RS. L’incoraggiamento non è bastato, c’è voluta una norma. E se guardiamo all’esperienza della Golfo Mosca, vediamo che dieci anni dopo siamo arrivati al 37% di donne nel CdA: cioè appena sopra quanto imposto dalla norma. Non c’è stato un ribilanciamento verso la parità, ma ci si è limitati al rispetto della quota.
AG. Concretamente, che cosa cambia ora per le banche?
RS. Dovranno raggiungere la quota del 33% di donne negli organismi di amministrazione e controllo, non oltre il primo rinnovo integrale del consiglio. Se questo è previsto dopo il 1 gennaio 2022, l’obiettivo va raggiunto comunque entro il 1 giugno 2024. Per le realtà di dimensioni minori sono previste tempistiche diverse: entro il 1 giugno 2024 va raggiunta la quota del 20% ed entro il 2027 quella del 33%.
AG. Per le banche più piccole, la tematica della rappresentanza di genere negli organismi di amministrazione e controllo sembra più difficile. Perché secondo te?
RS. Le modalità di indicazione e di scelta dei partecipanti al Consiglio di Amministrazione, nelle aziende territoriali, vede, tra le altre tematiche, la rappresentanza di diversi interessi locali e proprio per questo si osserva un turn over meno accelerato rispetto alle realtà più grandi. In cui il tema è più sentito anche per ragioni di comunicazione: le grandi istituzioni finanziarie sono abituate a dovere rispondere anche del tema dell’uguaglianza di genere a investitori e opinione pubblica.

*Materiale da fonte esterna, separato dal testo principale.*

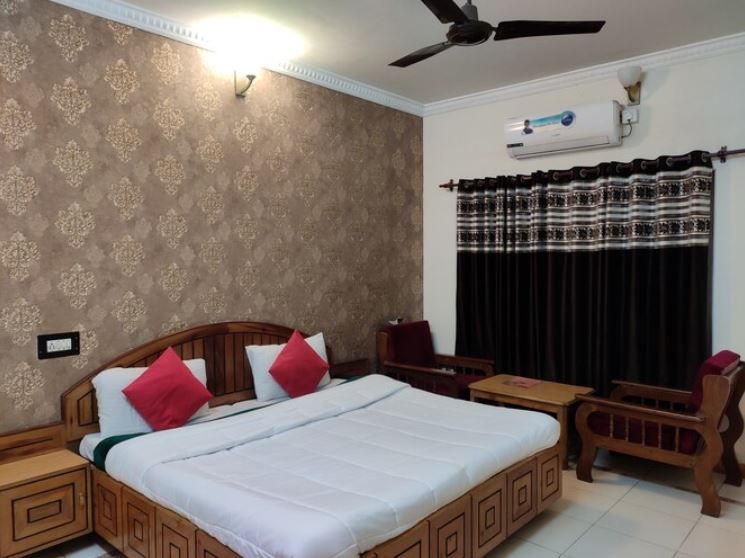 Deluxe Room With AC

AG. Parliamo comunque di un 33% di donne nei Consigli di Amministrazione. Mentre nella prima linea manageriale, come abbiamo visto prima, solo 1 top manager su 10 è donna.

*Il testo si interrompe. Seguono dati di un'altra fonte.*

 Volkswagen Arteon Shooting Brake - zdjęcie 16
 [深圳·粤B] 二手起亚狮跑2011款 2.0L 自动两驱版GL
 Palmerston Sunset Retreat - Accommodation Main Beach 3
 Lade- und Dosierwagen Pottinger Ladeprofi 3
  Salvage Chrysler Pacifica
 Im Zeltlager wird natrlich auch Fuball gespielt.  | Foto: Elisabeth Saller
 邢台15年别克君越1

RS. La quota di donne negli esecutivi crescerà grazie alla pipeline, dall’interno. Il punto di vista di Mercer è che gli obblighi imposti dalla normativa possono dare un effetto propulsivo per le aziende. La Direttiva introduce anche tra i temi di rilevanza strategica le decisioni sui fattori ambientali, di governance e sociali, tra cui le tematiche Gender Pay Gap, Gender Balance (e anche il FinTech, NdR). La normativa fungerò da volano per superare i limiti attuali, ancor di più alla luce delle norme di cui è attesa a breve l’emanazione sulla gender neutrality in tema di politiche e prassi di remunerazione nel settore bancario.
AG. Ne parleremo sicuramente, a tempo debito. Ma a guardare i dati emerge un bilanciamento tra i generi tra gli impiegati, che poi scompare nella parte alta del management. È solo una questione culturale delle banche?
RS. Il passaggio dalle funzioni quadro a quelle dirigenziali prima e apicali poi, avviene, in genere, tra i 35 e i 45 anni. La normativa introduce principi di diversity nei vari processi della gestione HR. Servono sistemi di performance, di sviluppo, di non-bias, di ascolto di quello che avviene in azienda e fuori. Nel nostro Paese, ad esempio, sono stati introdotti solo di recente i congedi di paternità. Alcuni cambiamenti di paradigma richiedono molto tempo. E molte realtà che aggregano il mondo femminile in ottica di knowledge sharing, come ad esempio Valore D, facilitano lo sviluppo di una cultura diversa.
AG. Nel mondo FinTech, invece, la questione dell’uguaglianza di genere sembra porsi meno.
RS. A livello Europeo, per il settore startup, ci sono diversi incentivi per allineare i comportamenti delle aziende ai loro interessi. Penso agli incentivi per quelle realtà che hanno donne nel panel. Sicuramente nelle aziende della tecnologia e del digitale c’è maggiore consapevolezza che la diversità porta valore. La nuova normativa spingerà questo cambiamento anche nel banking.